Marleen geht nach Paris, später in die USA, sie erfindet eine Schrift –
wenn auch keine, die sie sich zu Anfang vorgestellt hatte. Sie bekommt ein
Kind und führt ein Leben, das sie ebenfalls nicht vorausgesehen hat. Und
sie steht an der Schwelle zu einem neuen Zeitalter, das in diesem Roman
zwar nur am Horizont aufscheint, aber doch schon, weil wir Leser davon
wissen, das Erzählte merkwürdig fern und historisch erscheinen lässt.
Die Gutenberg-Galaxis kommt zum Ende des Romans ebenfalls an ihr Ende; in
Kalifornien wird munter an einer neuen digitalen Welt gebastelt, die alles
auf den Kopf stellen wird. Zwar denken Zieglers Figuren schon darüber nach,
wie es mit ihrer Profession weitergehen könnte. Aber fast rührend wirken
ihre Blicke in eine Zukunft, die sie sich nur im Ansatz ausmalen können und
in der wir heute längst schon angekommen sind. So ist dieser Roman auch ein
Abgesang, eine Reminiszenz. Marleen ahnt das. Sie verabschiedet sich auf
gewisse Weise gleichfalls von ihren Träumen – und hat am Ende einen langen
Weg hinter sich von der Pomona 133 bis nach New York.
Ulf Erdmann Ziegler dekliniert in seinen Büchern die Medien durch, mit
denen wir die Welt und das, was man Wirklichkeit nennt, wahrnehmen. Die
Medien, mit und in denen wir leben, ob Architektur, Fotografie, Schrift,
werden bei ihm zu lebensstrukturierenden Systemen. „Nichts Weißes“ ist ein
Roman, der sein großes Thema lässig, pointiert, klug und zuweilen auch
witzig in der Lebensgeschichte einer jungen Frau spiegelt. Man fragt sich
schließlich, wie es dieser Marleen wohl heute gehen mag – 20 Jahre später.

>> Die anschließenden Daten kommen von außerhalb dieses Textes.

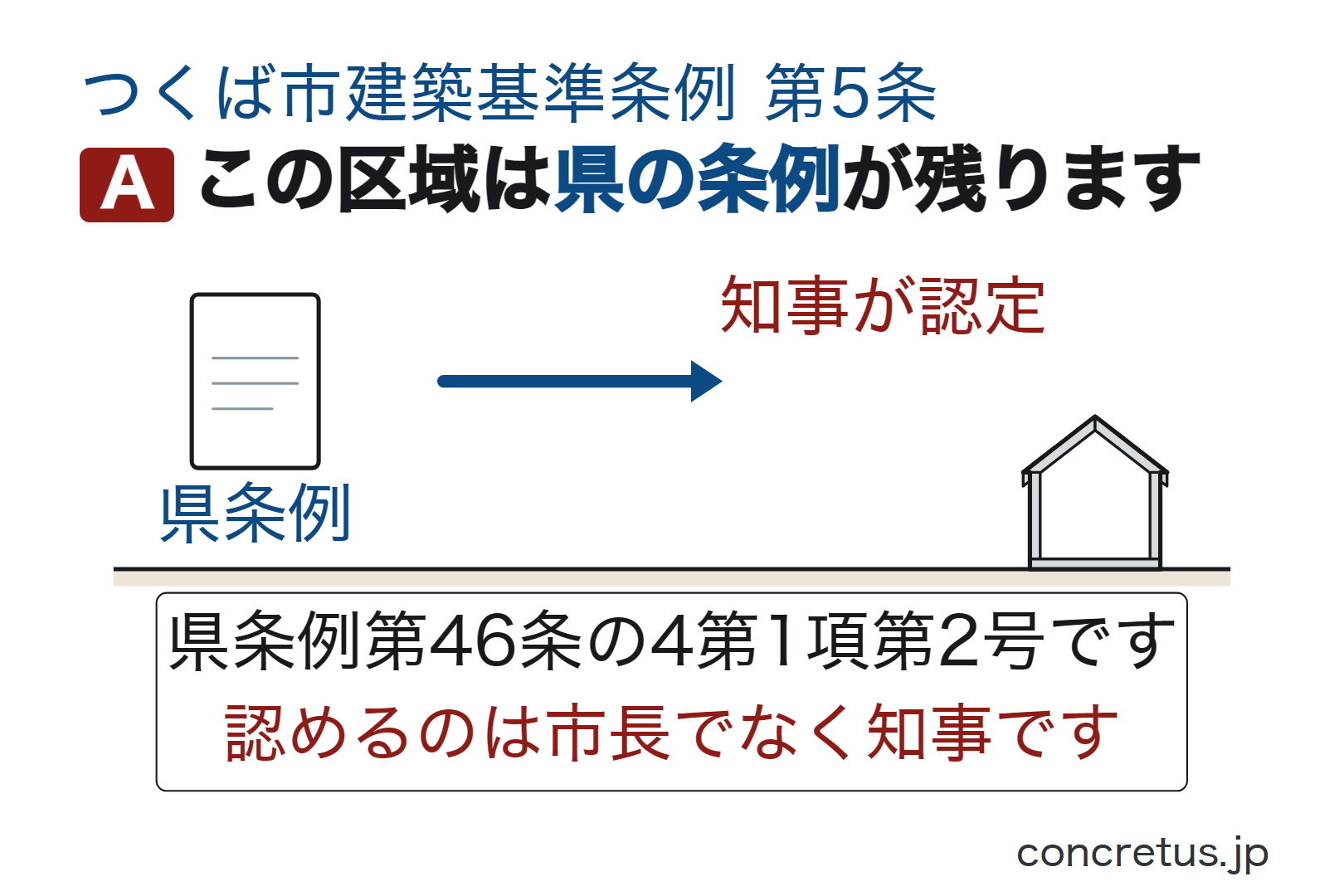 この区域は県の条例が残ります
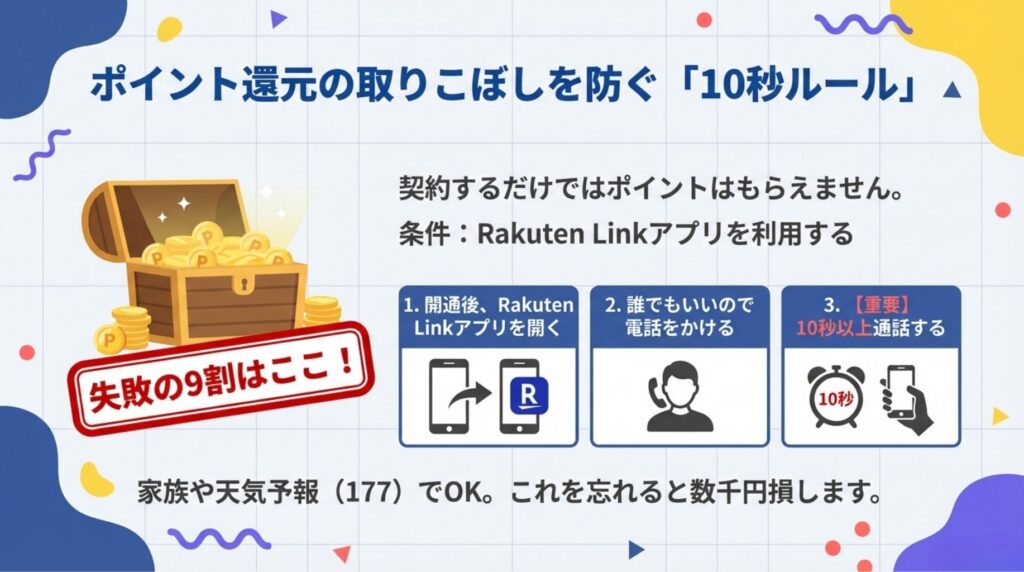 楽天モバイルの契約ポイントをもらうための必須条件「10秒ルール」の解説図解。Rakuten Linkアプリを開き、誰でもいいので10秒以上通話するという達成手順を3ステップで示している。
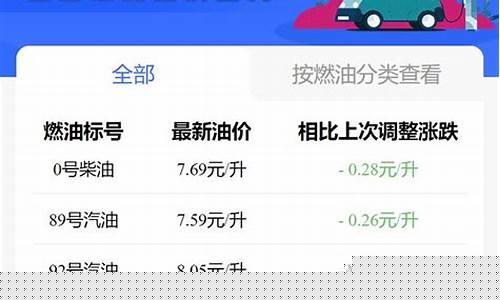 贵阳今日油价0号柴油今日价格-贵阳今日柴油挂牌价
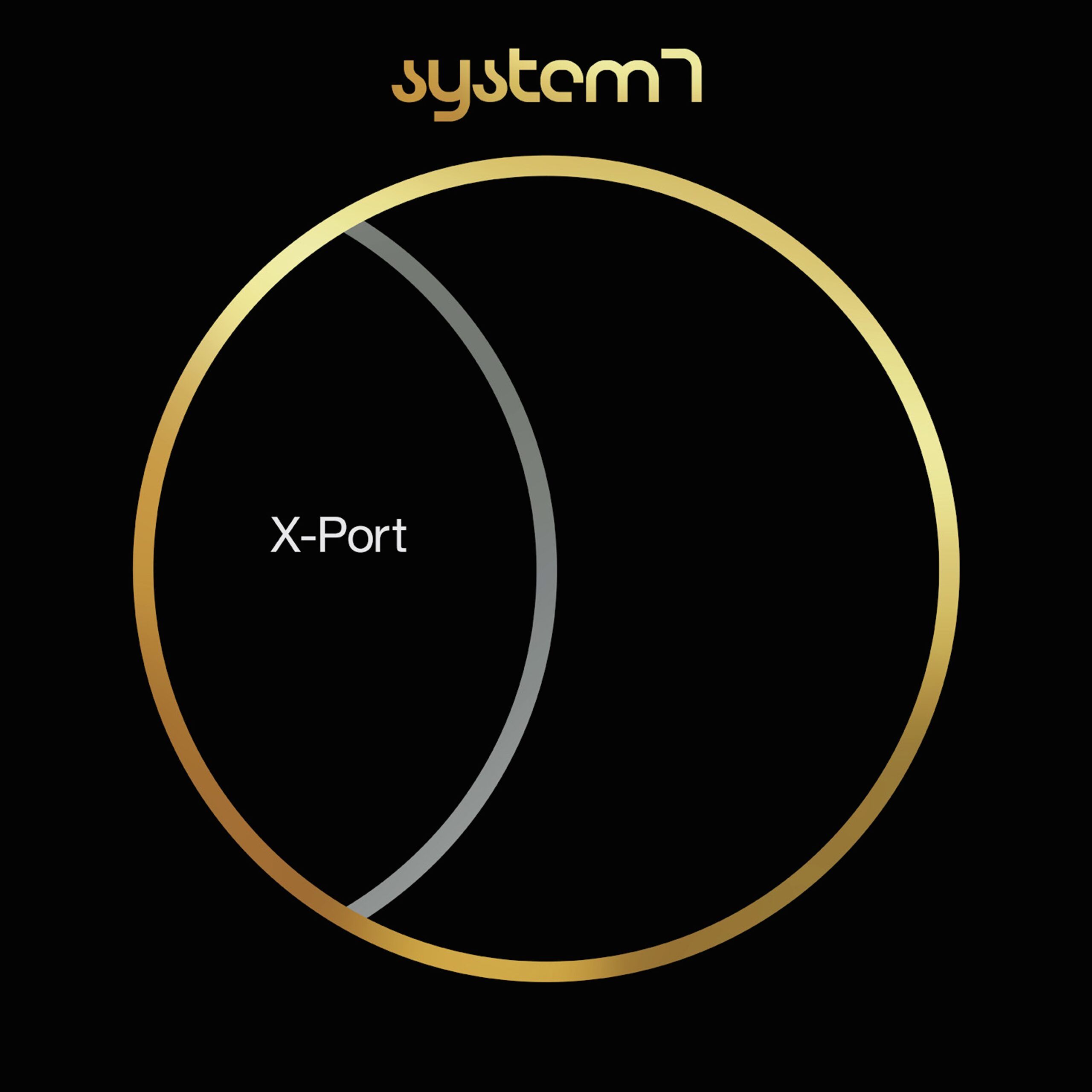 system7-x-port5000x5000.jpg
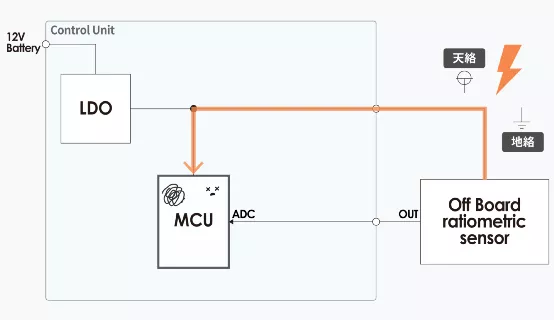什么是電壓跟蹤器？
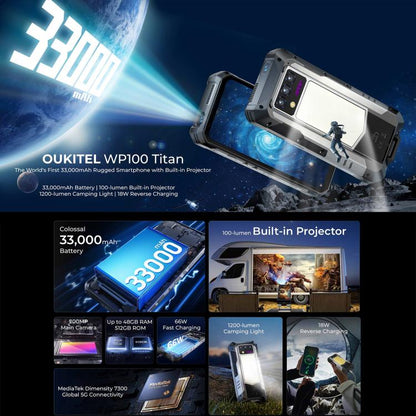 Oukitel WP100 TITAN Teléfono Rugged 5G 16GB+512GB Batería 33000mAh Cámara 200MP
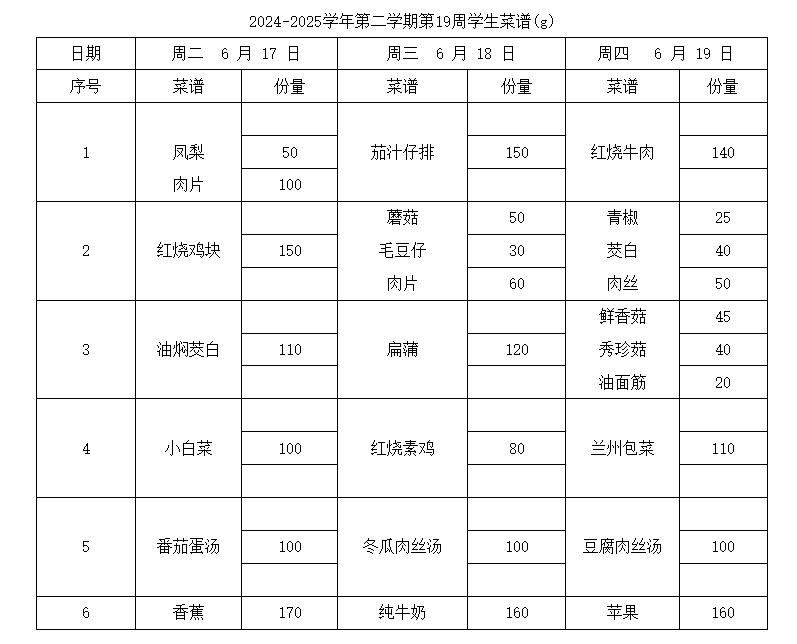 2024-2025学年第二学期第19周学生菜谱(g)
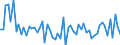 KN 3215 /Exporte /Einheit = Preise (Euro/Tonne) /Partnerland: Ver.koenigreich(Ohne Nordirland) /Meldeland: Eur27_2020 /3215:Druckfarben, Tinte und Tusche zum Schreiben Oder Zeichnen und Andere Tinten und Tuschen, Auch Konzentriert Oder in Fester Form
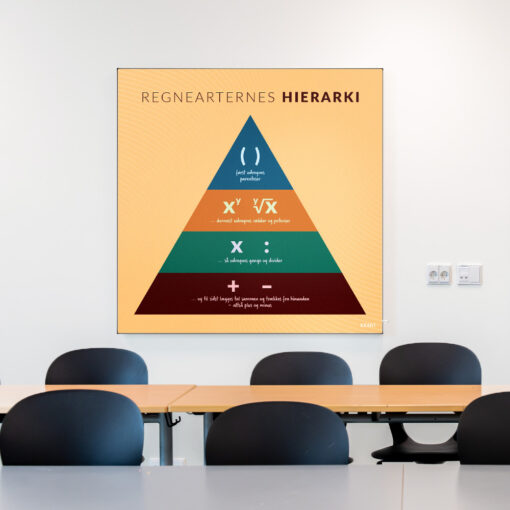 Akustik med RegnearternesHieraki i klasselokale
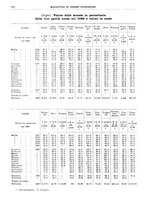 giornale/RML0025821/1937/unico/00000402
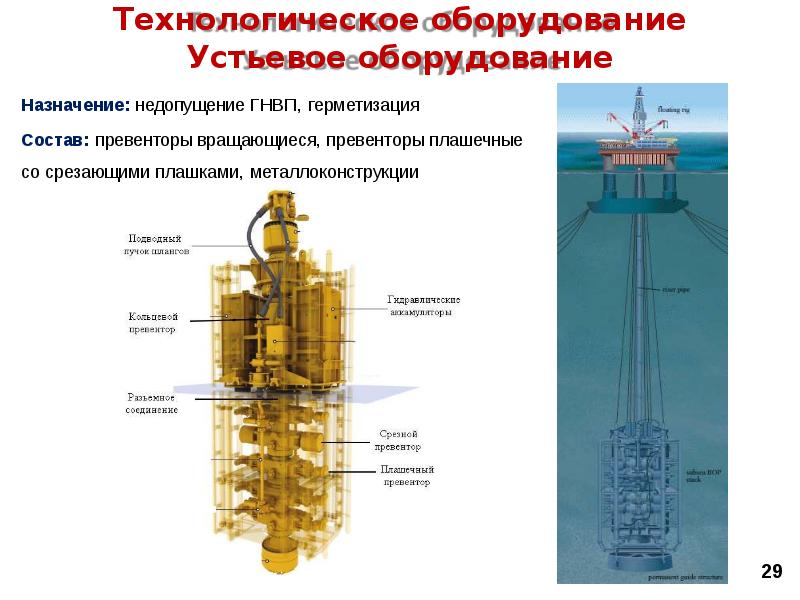 Схема оборудования устьевого оборудования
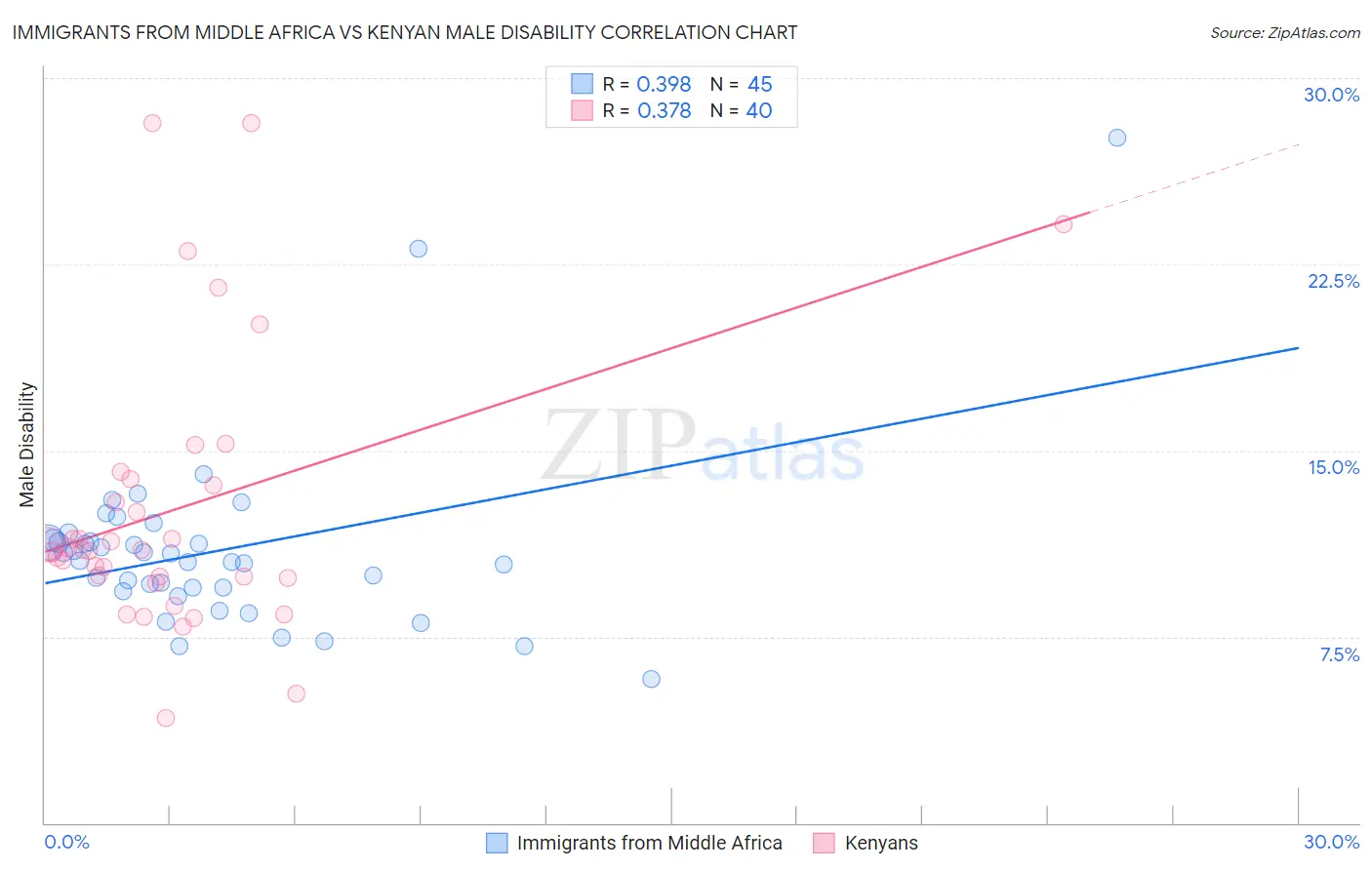 Immigrants from Middle Africa vs Kenyan Male Disability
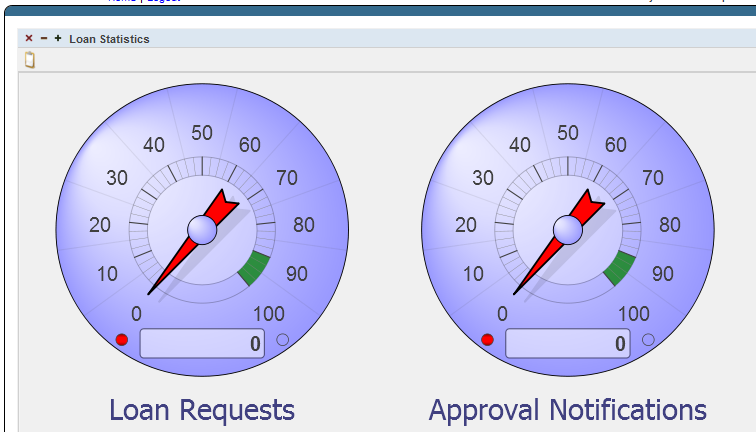 Iris - Immediate Mode UI library, based on Dear ImGui - Community Resources  - Developer Forum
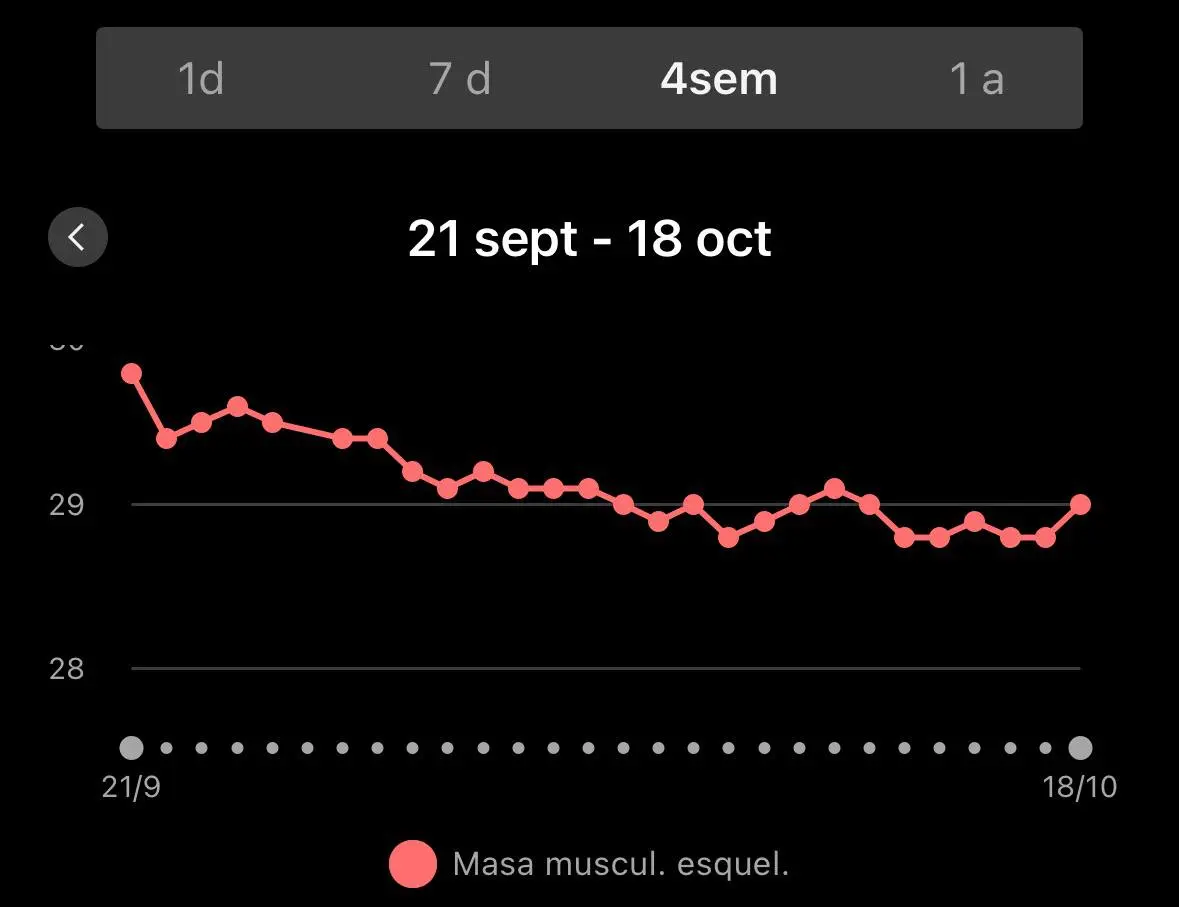 Evolución mensual de la masa muscular esquelética desde 29,9 kg hasta 29,0 kg, una reducción de 0,9 kg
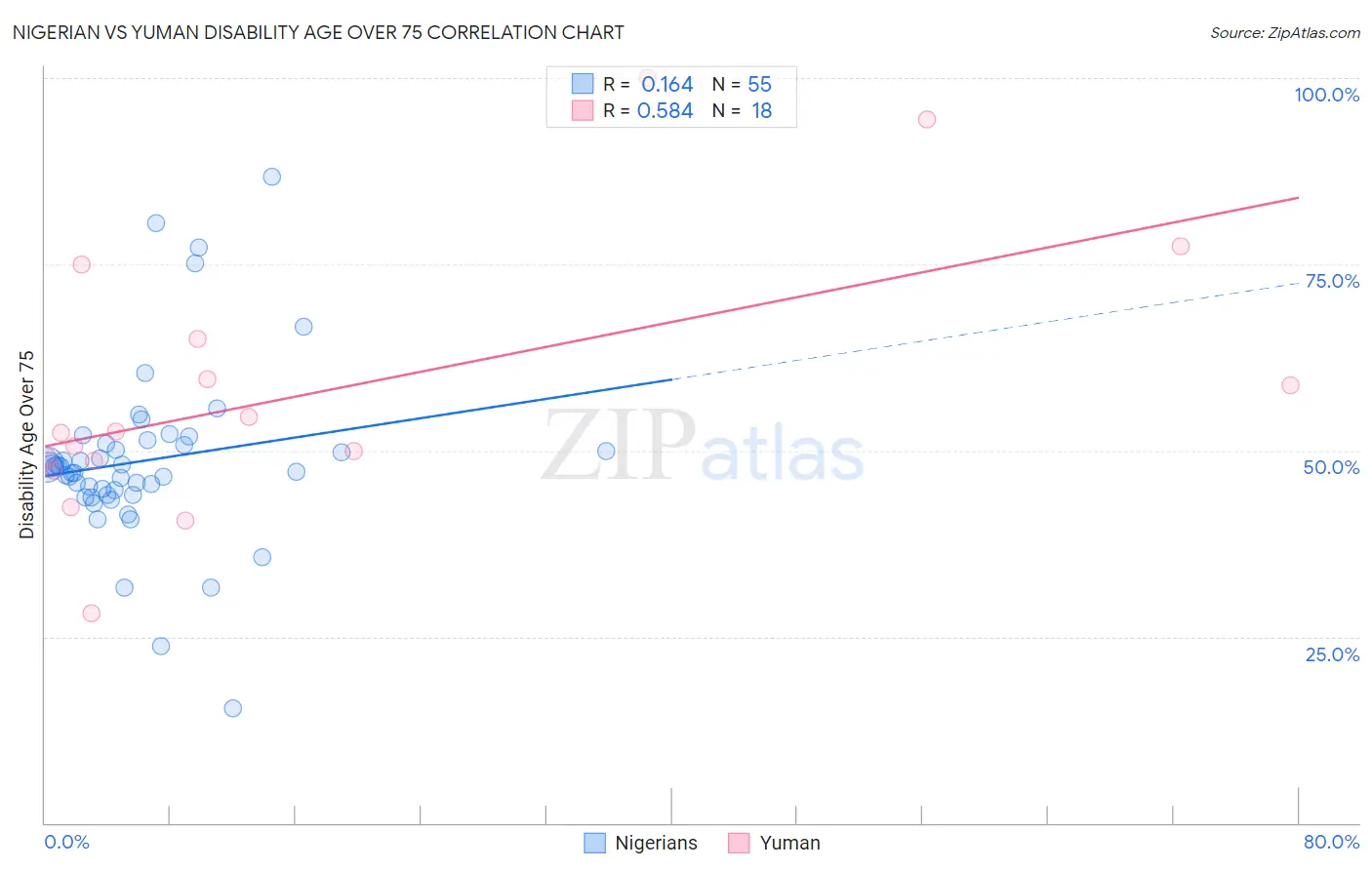 Nigerian vs Yuman Disability Age Over 75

Der Roman gibt darauf keine Antwort. Vielleicht gestaltet sie Webseiten.
Und träumt ab und an noch von einer alten Druckerei, wo die „Eigene
Bibliothek“ weiterhin produziert wird, wie das Relikt aus einem längst
vergangenen, vielleicht auch untergegangenen Jahrhundert.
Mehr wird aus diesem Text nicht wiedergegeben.